Rabu, 05 Maret 2008

long road to KKN (2)

Ngawi, 17:10
tanah air ku tidak kulupakan
kan terkenang sepanjang hidupku
biarpun saya pergi jauh
tak akan hilang dari kalbu
tanah ku yang kucintai
engkau kuhargai

Aku melihat keluar jendela. Sebuah padang luas terbentang sejauh mata memandang. Warna hijau yang menyejukan pandangan tersebar di segala arah. Diselingi beberapa pohon besar yang berdisi sendiri. Tidak jauh dart padang itu, deretan pohon jati membentuk sebuah hutan. Suatu kekayaan alam yang luar biasa. Kekayaan alam anugerah yang maha pencipta di bumi nusantara. Bumi yang katanya disebut-sebut sebagai zamrud khatulistiwa karena deratan hutan tropisnya.

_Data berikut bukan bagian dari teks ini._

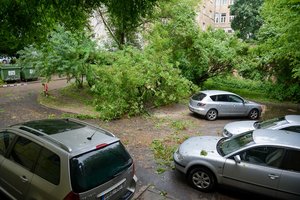 Draudikai įrodė – nuostolius dėl apgadinto automobilio privalo prisiimti sostinės valdžia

Kontras dengan fakta yang dicatat Guiness Book Of The World Record bahwa indonesia adalah negara dengan laju deforestisasi alias penggundulan hutan tertinggi di dunia. Dalam sepuluh menit, hutan seluas dua kali lapangan sepak bola, musnah.

Miris sekali ketika berita itu muncul di media sejak kuartal kedua tahun lalu. Di saat dunia sedang menjerit dan berteriak karena adanya pemanasan global, para pembalak hutan di indonesia dengan tenang membabat hutan demi kantongnya sendiri. Yah, tambah kantong ”saudara-saudara”nya lah. Bagi-bagi dosa.

Seperti juga kila saksikan kondisi nelayan di bangsa ini. Sejak mengenakan baju putih celana merah, kita sudah dijejali sebuah pernyataan ampuh,”INDONESIA ADALAH NEGARA MARITIM. INDONESIA ADALAH NEGARA KELUPAUAN TERBESAR DI DUNIA. PULAU-PULAUNYA MEMBENTANG LEBIH DARI 5000 KM DARI TIMUR KE BARAT BERJAJAR LEBIH DARI 17RIBU PULAU.”. Akan tetapi jika kita lihat kondisinya, sangat bertolak belakang. Nelayan adalah salah satu profesi penduduk paling miskin di negeri maritim nan kaya ini. Permukiman nelayan di sudut pulau manapun di indonesia adalah permukiman paling menyedihkan, selain mengenaskan tentunya.